This is all very damning, but doesn’t it fall into the creeping-determinism trap? It is not at all clear that it passes the creeping-determinism test. It’s an edited version of the past. What we don’t hear about is all the other people whom American intelligence had under surveillance, how many other warnings they received, and how many other tips came in that seemed promising at the time but led nowhere. The central challenge of intelligence gathering has always been the problem of “noise”: the fact that useless information is vastly more plentiful than useful information. Shelby’s report mentions that the FBI’s counterterrorism division has sixty-eight thousand outstanding and unassigned leads dating back to 1995. And, of those, probably no more than a few hundred are useful. Analysts, in short, must be selective, and the decisions made in Kenya, by that standard, do not seem unreasonable. Surveillance on the cell was shut down, but, then, its leader had left the country. Bushnell warned Washington—but, as The Cell admits, there were bomb warnings in Africa all the time. Officials at the Mossad thought the Kenyan intelligence was dubious, and the Mossad ought to know. Ahmed may have worked for bin Laden but he failed a polygraph test, and it was also learned that he had previously given similar—groundless—warnings to other embassies in Africa. When a man comes into your office, fails a lie-detector test, and is found to have shopped the same unsubstantiated story all over town, can you be blamed for turning him out?

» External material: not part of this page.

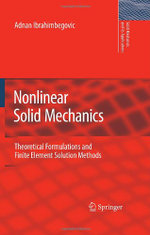 Nonlinear Solid Mechanics
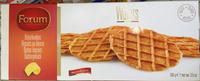 Wafers Report Card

Miller, Stone, and Mitchell make the same mistake when they quote from a transcript of a conversation that was recorded by Italian intelligence in August of 2001 between two Al Qaeda operatives, Abdel Kader Es Sayed and a man known as al Hilal. This, they say, is yet another piece of intelligence that “seemed to forecast the September 11 attacks.”

“I’ve been studying airplanes,” al Hilal tells Es Sayed. “If God wills, I hope to be able to bring you a window or a piece of a plane the next time I see you.”

“What, is there a jihad planned?” Es Sayed asks.